HARROGATE, Tn. - For the first time in the history of Lincoln Memorial University athletics, a former athletes' jersey will be retired as Railsplitter baseball alum Scot Shields is set to return for this weekend's homecoming festivities to see his uniform commemorated.
Scot Shields is scheduled to return to LMU on Friday evening as he will make an appearance at game two of the Railsplitters' annual Fall World Series, set to begin at 7 p.m.. On Saturday, the spotlight shifts to Shields, as Lincoln Memorial President Jim Dawson and Athletic Director Roger Vannoy will lead the ceremony to retire Scot Shields' No.10 jersey at 1 p.m. on Lamar Hennon Field. Shields will sign autographs at the conclusion of the ceremony with the LMU alumni game to follow at 1:30 p.m..
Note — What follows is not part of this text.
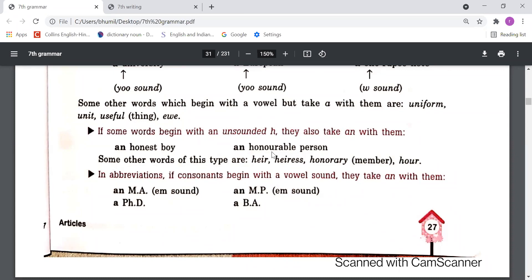If the beginning sound is a vowel after the silent H, we should use 'an' — like 'an honest boy', 'an honorable person'. In 'honest', the H is silent so the beginning sound is 'O', which is a vowel. Similarly in 'honorable', the 'O' sound is at the beginning.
In the long history of Lincoln Memorial athletics, you would be hard-pressed to find an athlete with a deeper resume collegiately or professionally than Scot Shields.
During his time at Lincoln Memorial, Shields etched his name throughout the Railsplitter record books. From his arrival in 1995 to his departure in 1997, Scot compiled 20 wins, good for second on the all-time list in school history. In the career record books, Shields can be seen in nearly every statistical pitching category as he ranks sixth all-time in appearances (51), fifth in games started (31), second in complete games (18), first in shutouts (4), fourth in innings pitched (224.1), third in strikeouts (190) and fifth in batters faced (1,007).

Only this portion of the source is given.